Clause 19
Finance (No. 2) Bill
2:15 pm

Photo of Mark Francois

Mark Francois (Shadow Minister, Treasury; Rayleigh, Conservative)

I shall confine my remarks to the amendment, as I am keen not to prejudice the broader stand part debate on this rather important clause.

I have listened carefully to the argument that the hon. Member for Falmouth and Camborne (Julia Goldsworthy) made in favour of her amendment, but I am not convinced by it. The clause will give HMRC quite a strong power to impose the reverse charge procedure, which could be a useful weapon in the battle against missing trader intra-community fraud, but which will represent quite a change in VAT terms for those companies on which the order might be imposed.

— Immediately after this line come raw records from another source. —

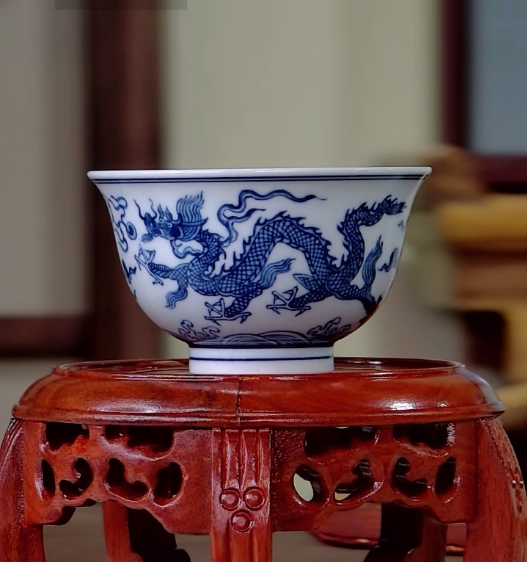 瓷奶奶 罗家山揽胜堂柴窑青花五龙杯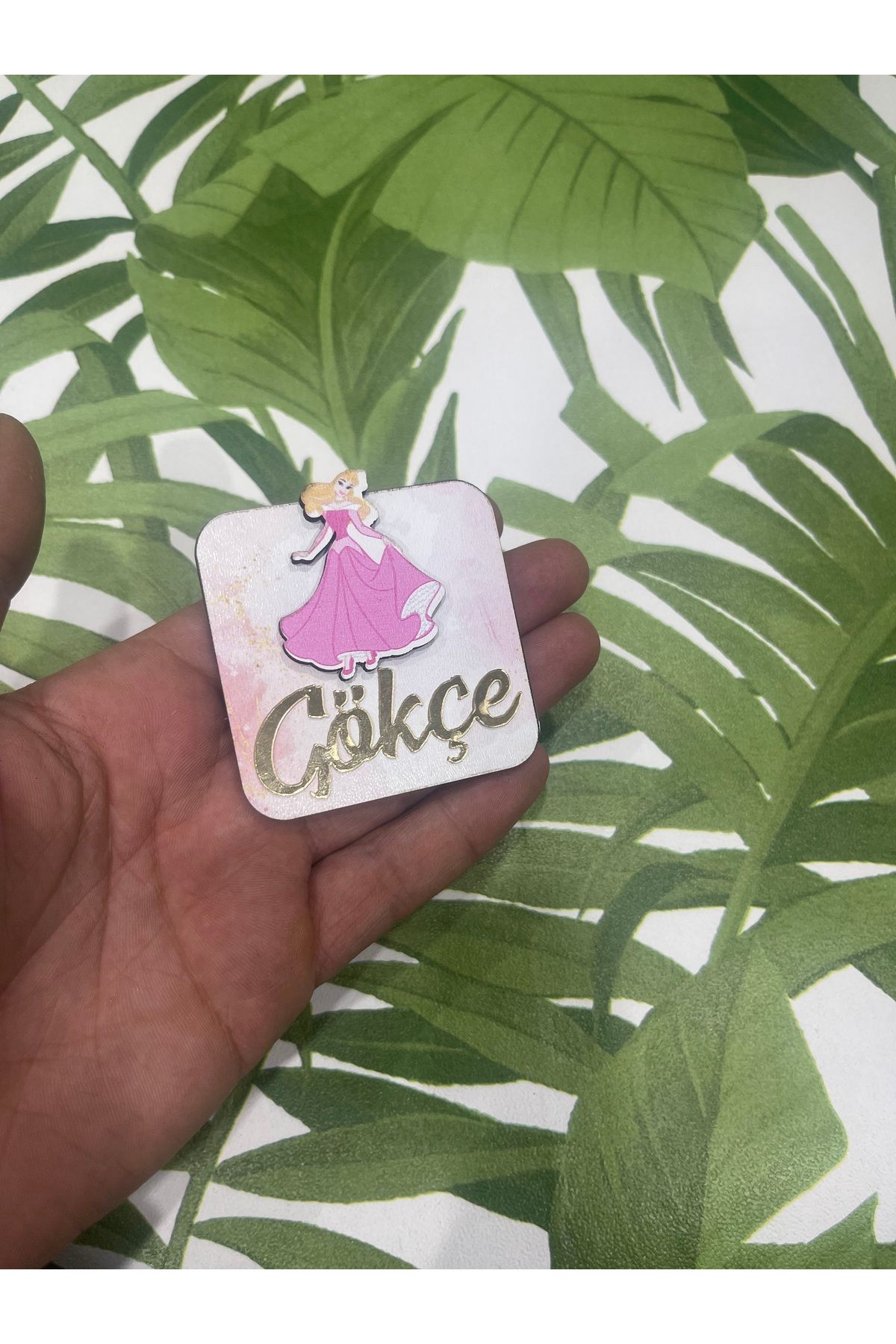 ELF REKLAM Pamuk Prenses Kişiye Özel Ahşap Baskılı Pleksi Yazılı Magnet 10 Adet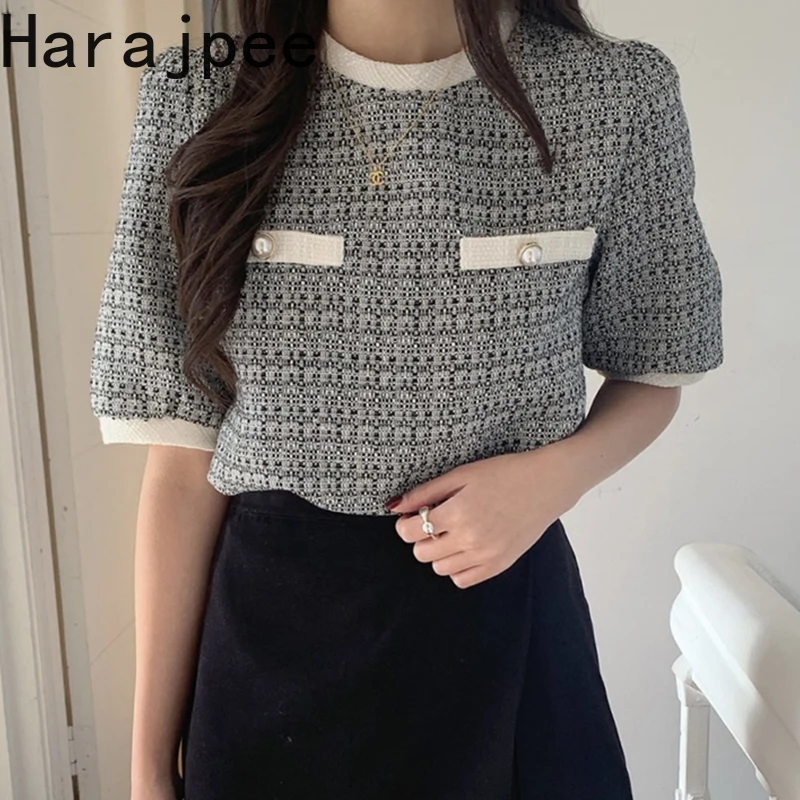 

Harajpee Women Pullover Mixed Color Braid Vintage Round Neck Spring New Korean Chic Loose Puff Sleeve Elegant Short Casual Tops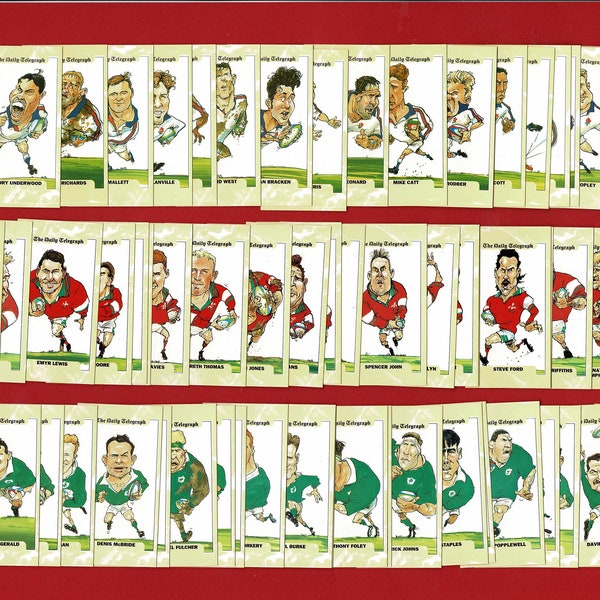 WORLD CUP RUGBY Card Sets - England Wales Ireland. 1995 Daily Telegraph Rugby Union Trade Cards - Rugby Union - Rugby Player Gift (VC17)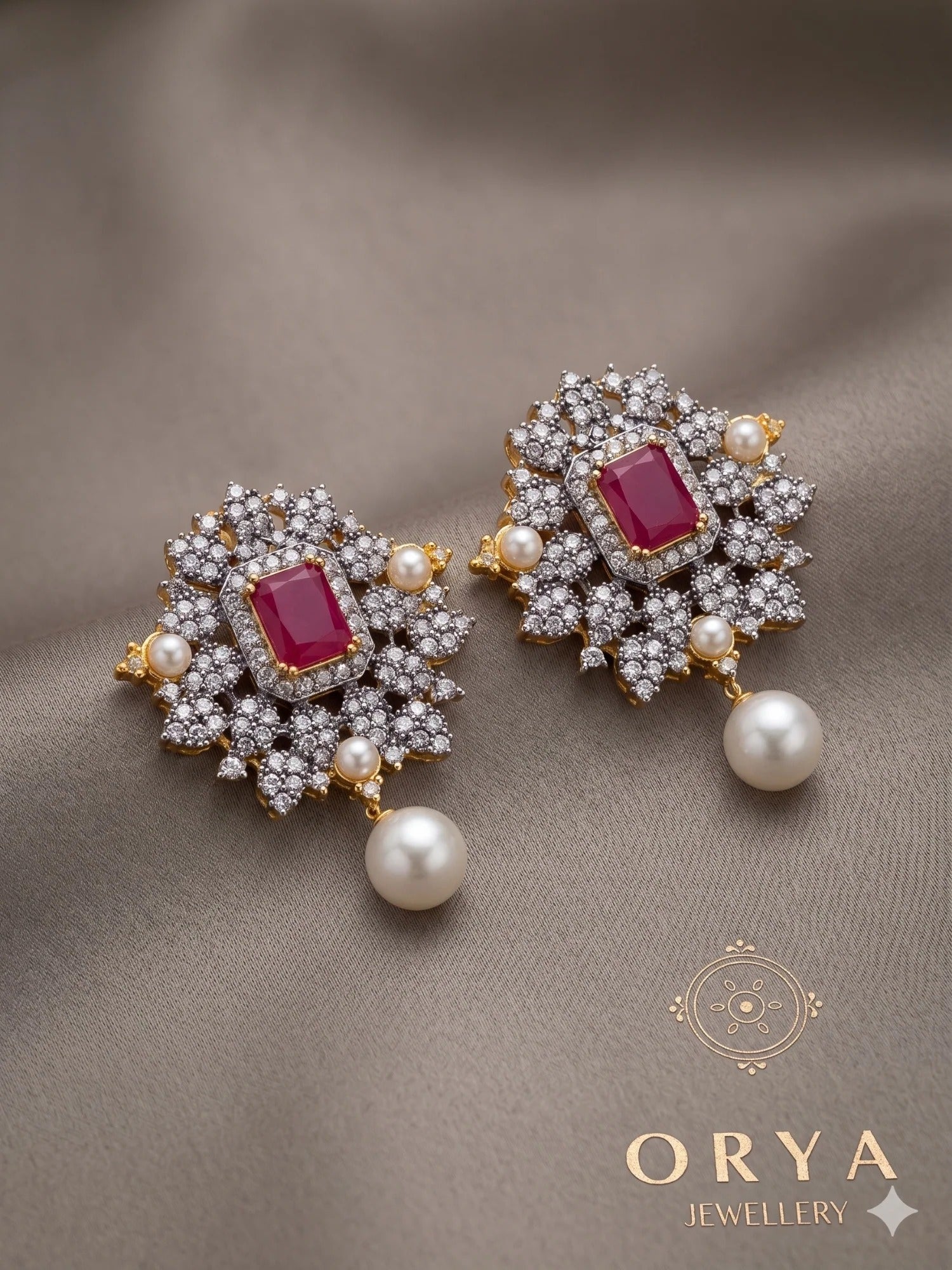 Orya Jewellery Zircon Pearl Stud Earrings-Ruby Pink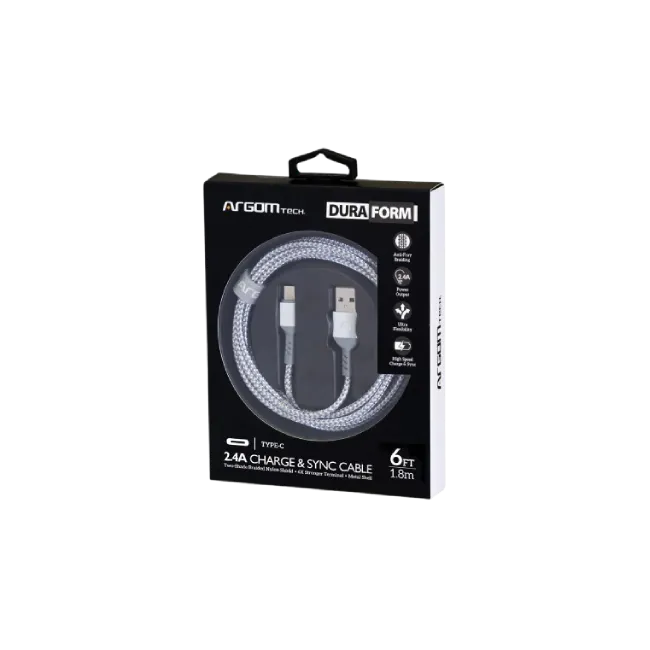 CABLE TYPE-C TO USB 2.0 NYLON 1.8M WHITE-2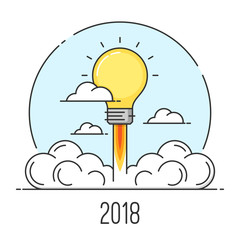Wall Mural - happy new year 2018 flat line art style concept. startup and new ideas.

The element of the clause in question effectively provides a safeguard for small businesses in particular by instituting a de minimis level below which the power should not apply. If it were deleted, the procedure could be imposed even on companies reclaiming a very modest amount of VAT. Indeed, some professional bodies have claimed that the threshold should be raised.

I am curious that the hon. Lady quoted from the Law Society. I read its brief; perhaps I read it slightly differently. It said:

“We appreciate that repeated transactions involving loss of VAT on supplies just below an increased threshold, e.g. £10,000 a month, would give rise to material losses of VAT. However, the aggregation provisions in the new section 55A(1)(d) enabling other supplies to be taken into account—e.g., if a customer has already received (on the current legislative proposals) supplies of £200, the new provisions will apply to other supplies which individually or in aggregate exceed £800—might suggest that a higher threshold could be adopted.”

Unless I completely misread that, the Law Society is saying that, if anything, the threshold should be higher, presumably because it would like the safeguard to be broader than it is.